Reactions and Energy Changes

Why do reactions vary in extent from completely irreversible in the forward reaction to reversible reactions favoring the reactants? It may be helpful to understand a simple physical reaction before attempting more complex chemical reactions. Let's start with a simple ball on a hill. Does a ball at the top of a hill roll downhill spontaneously, or does the opposite happen? No one has ever seen a ball roll spontaneously uphill unless a lot of energy was added to the ball. This physical reaction appears irreversible and is driven to the lower potential energy at the bottom of the hill. The potential energy gap is related to the "extent" and spontaneity of this reaction. As we have undoubtedly observed, natural processes tend to go to a lower energy state. By analogy, we will consider the driving force for a chemical reaction to be the free energy difference, ΔG, between reactants and products. ΔG determines the extent and spontaneity of the reaction.

Reversible/Irreversible Reactions, Extent of Reactions, Equilibria

Consider a hypothetical reversible reaction in which you start with some reactants, $\ce{A}$ and $\ce{B}$, each at a 1 M concentration (1 mol of each/L solution). but no products, $\ce{P}$ and $\ce{Q}$. For ease, assume that the total volume of solution is 1 L, so that we start with 1 mol each of $\ce{A}$ and $\ce{B}$. At time $t=0$, the concentration of products is 0. The reaction can be written as:

\[\ce{A + B <=> P + Q}. \nonumber \]

As time progresses, the amounts or concentrations of $\ce{A}$ and $\ce{B}$ decrease as the amounts or concentrations of products $\ce{P}$ and $\ce{Q}$ increase. At some point, no further changes occur in the amounts or concentrations of the remaining reactants or products. At this point, the reaction is in equilibrium, a term often used in our common vocabulary to denote a system undergoing no net change.
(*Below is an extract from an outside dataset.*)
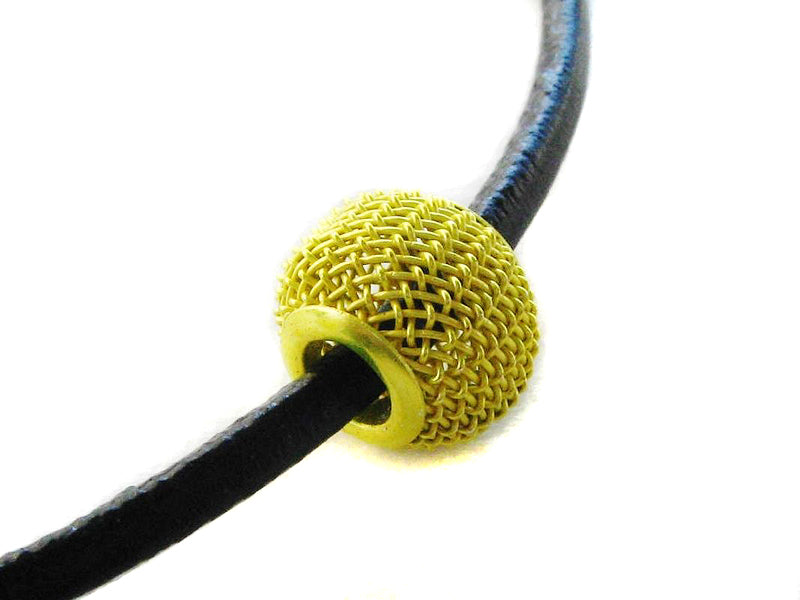 Metallperle / Draht Spacer Perle Rondellen in gelb 11x14mm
Most of the reactions we will study occur in solution, so we will deal with concentrations in mol/L or mmol/mL (M). Let's consider how the concentrations of reactants and products change over time. Depending on the extent to which a reaction is reversible, four different scenarios can be imagined:

Scenario 1: Irreversible reaction in which the reverse reaction occurs to a negligible extent.

In this reaction, the reverse reaction occurs to such a small extent that it can be neglected. The only reaction that occurs is the conversion of reactants to products. Hence, all the reactants are converted into the product. At equilibrium [A] = 0. Since 1 mol of A reacted, it must form 1 mol of P and 1 mol of Q - i.e., the concentration of products at equilibrium is 1 M. At an earlier time of the reaction (let's pick a time when [A] = 0.8 M), only part of the reactants have reacted (in this case, 0.2 M), producing an equal amount of products, P and Q. Graphs of [A] and [P] as a function of time are shown below. [A] decreases nonlinearly to 0 M while [P] increases reciprocally to 1 M concentration. This is illustrated in the graph below.

Graph showing the concentration of reactants [A] in blue decreasing over time, while the concentration of product [P] in red increases.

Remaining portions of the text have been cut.